Warning Although this project is running stable it needs further work before it can be used in a productive environment. Especially the frontend is based on an outdated repository.
brDashboard is a temperature monitoring and controlling application that supports real-time data.
To start a local version of brControl, you have to build the dashboard first, which is based on https://www.creative-tim.com/product/vue-black-dashboard-pro. The dashboard will show all real-live data of the sensors and will also allow you to set target values.
To build the dashboard, run npm run build
in the dashboard
folder. This creates the frontend-app in the folder dashboard/dist
. Notice that you can also run npm run dev
if you want to further work on the dashboard-frontend.
Note
The dashboard is currently only tested on Node 14. Please make sure that you run the correct version with node --version
and if not use nvm
to install node 14 (or install node 14 dierctly).

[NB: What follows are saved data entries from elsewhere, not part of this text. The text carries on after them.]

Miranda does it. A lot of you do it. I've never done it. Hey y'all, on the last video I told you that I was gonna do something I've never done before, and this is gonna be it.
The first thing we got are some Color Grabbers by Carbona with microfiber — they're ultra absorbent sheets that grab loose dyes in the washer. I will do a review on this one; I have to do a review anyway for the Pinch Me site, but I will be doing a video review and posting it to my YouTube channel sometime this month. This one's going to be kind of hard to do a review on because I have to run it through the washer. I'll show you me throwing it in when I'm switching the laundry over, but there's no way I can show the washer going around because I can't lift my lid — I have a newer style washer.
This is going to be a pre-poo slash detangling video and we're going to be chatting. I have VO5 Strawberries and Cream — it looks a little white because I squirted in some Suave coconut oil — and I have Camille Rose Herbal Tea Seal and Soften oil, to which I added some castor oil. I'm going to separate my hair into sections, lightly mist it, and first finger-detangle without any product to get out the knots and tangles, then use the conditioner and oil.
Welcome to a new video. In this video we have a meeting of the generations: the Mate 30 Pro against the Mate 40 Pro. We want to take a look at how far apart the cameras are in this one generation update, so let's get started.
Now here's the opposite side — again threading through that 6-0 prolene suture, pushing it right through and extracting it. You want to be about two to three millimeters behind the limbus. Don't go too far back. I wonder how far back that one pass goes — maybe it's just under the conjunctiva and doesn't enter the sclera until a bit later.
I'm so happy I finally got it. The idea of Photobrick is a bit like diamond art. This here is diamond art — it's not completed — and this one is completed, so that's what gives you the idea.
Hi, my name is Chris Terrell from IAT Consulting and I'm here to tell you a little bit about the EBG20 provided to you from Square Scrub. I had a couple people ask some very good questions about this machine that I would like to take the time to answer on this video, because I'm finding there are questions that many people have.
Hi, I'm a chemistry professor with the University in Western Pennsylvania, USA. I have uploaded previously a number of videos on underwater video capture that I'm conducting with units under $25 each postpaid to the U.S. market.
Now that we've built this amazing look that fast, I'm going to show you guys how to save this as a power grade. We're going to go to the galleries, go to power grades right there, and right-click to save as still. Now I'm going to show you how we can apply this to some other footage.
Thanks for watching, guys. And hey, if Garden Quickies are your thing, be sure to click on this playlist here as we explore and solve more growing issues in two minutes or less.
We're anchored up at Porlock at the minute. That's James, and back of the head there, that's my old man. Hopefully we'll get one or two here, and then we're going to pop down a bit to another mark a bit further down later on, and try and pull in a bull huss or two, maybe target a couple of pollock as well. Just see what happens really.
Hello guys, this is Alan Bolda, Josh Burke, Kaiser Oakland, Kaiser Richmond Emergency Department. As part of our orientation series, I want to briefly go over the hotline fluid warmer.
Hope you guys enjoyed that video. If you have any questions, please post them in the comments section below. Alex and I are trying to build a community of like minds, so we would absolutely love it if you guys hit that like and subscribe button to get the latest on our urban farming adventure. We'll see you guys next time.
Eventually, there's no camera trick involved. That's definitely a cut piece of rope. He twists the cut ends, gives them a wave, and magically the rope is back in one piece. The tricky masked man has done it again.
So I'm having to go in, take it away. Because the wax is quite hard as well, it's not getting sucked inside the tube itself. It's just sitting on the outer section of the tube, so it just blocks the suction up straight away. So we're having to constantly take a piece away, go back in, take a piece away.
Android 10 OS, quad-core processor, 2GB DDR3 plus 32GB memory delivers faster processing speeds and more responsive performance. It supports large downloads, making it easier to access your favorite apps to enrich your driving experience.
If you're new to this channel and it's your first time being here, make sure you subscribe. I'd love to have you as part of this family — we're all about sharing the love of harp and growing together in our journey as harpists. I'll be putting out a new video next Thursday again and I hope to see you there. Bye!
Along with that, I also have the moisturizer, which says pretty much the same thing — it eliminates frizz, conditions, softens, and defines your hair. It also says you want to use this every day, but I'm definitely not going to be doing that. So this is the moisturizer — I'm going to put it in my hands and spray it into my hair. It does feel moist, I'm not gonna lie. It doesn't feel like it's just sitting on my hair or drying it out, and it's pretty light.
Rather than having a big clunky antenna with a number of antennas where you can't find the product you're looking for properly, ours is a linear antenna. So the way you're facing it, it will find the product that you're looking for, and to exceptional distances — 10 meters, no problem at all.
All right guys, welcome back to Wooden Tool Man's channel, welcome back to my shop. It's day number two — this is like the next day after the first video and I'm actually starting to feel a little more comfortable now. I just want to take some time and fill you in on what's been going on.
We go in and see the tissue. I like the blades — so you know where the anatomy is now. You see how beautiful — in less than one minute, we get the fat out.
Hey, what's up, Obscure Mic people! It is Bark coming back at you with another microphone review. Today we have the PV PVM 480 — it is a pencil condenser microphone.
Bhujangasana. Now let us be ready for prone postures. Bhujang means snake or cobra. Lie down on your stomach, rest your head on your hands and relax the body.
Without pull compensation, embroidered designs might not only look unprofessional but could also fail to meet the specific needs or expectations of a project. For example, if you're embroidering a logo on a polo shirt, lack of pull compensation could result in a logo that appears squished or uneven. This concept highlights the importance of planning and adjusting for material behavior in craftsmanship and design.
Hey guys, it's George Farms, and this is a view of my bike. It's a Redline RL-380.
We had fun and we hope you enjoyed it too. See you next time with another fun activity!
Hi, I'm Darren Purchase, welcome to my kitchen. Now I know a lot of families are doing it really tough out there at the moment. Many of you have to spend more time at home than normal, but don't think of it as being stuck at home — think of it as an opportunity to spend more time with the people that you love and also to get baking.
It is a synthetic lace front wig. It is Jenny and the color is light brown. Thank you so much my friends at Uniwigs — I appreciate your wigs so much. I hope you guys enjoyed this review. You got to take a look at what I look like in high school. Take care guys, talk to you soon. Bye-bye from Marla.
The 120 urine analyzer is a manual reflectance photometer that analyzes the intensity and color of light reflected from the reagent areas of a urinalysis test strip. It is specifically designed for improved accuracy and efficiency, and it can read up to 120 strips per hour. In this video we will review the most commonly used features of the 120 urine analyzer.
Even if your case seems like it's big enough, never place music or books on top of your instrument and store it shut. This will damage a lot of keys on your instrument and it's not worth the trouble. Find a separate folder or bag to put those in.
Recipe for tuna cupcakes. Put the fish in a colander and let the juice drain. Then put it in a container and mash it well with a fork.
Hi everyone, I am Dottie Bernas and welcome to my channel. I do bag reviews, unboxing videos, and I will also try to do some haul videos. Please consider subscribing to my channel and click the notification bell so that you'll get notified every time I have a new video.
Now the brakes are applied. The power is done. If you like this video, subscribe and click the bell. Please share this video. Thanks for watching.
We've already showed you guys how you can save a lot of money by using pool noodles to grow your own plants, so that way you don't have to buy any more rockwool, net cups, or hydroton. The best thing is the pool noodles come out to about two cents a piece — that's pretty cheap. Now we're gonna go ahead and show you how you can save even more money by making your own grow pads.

Once the dashboard is built, you can run the webserver.
- (Optional) Make and activate a virtual environment:
python -m venv venv && source venv/bin/activate
- Install the requirements:
pip install -r requirements.txt
- Specify flask app:
export FLASK_APP=admin:app
- Initiate the database:
flask db upgrade head
- (Optional) Add test user:
flask create-user <username> <password>
- Start server:
flask run
- Go to
http://localhost:5000/
in your browser and login with the username.
Note These steps are the necessary steps for a minimal setup. It will use
sqlite
as database and will also use this database to store any values received by sensors.SQL
is not the optimal choice for time-series and alternatively it is also possible to use https://www.influxdata.com/ to store time series values. If you want to use Influx, adapt theprovider
inDATA_HANDLER
of the config inconfig.py
accordingly.
Warning Additionally to the database choice, the default config is not designed for production! If you want to use the control suite in a productive environment it is crucial to adapt
config.py
accordingly!
Alternatively, you can set up the application with docker. Simply run docker build -t tempmonitor .
and then docker run -p 8080:8080 tempmonitor
. You should be able to access the app under http://localhost:8080
. By default, a user with the credentials test
and pw 123456
is added.
Warning The Docker Image is not production ready! It is crucial to change the default user in
entrypoint.sh
and once the app is running to add another user and delete the default user. Furthermore, there is no file persistency, so any data will be lost once the docker container stops running. To implement that, you have to map a volume to the container or use an external DB and adapt the SQLAlchemy string accordingly.
When the server is running you can add a new device in the Admin-Panel under Devices. Once you've added a device, you can add Sensors to it. A Sensor can either be a simple "Read"-sensor which only returns measured values or a "Controller", which also allows regulating the values.
In the "Control"-Panel, you can see and regulate the received values of the devices and sensors. In order to switch between the "Control" and the "Admin" panel, you can click on the human icon in the top right corner.
The specifications for the implementation of new sensors are given in this repo: https://github.com/vinzenz-muser/brDeviceSensor. Alternatively, you can navigate to /static/mock.html
where an example device is implemented. You need to fill in the API-Key, the sensor ids and the url if necessary. Once you submit, random values will be sent to the server.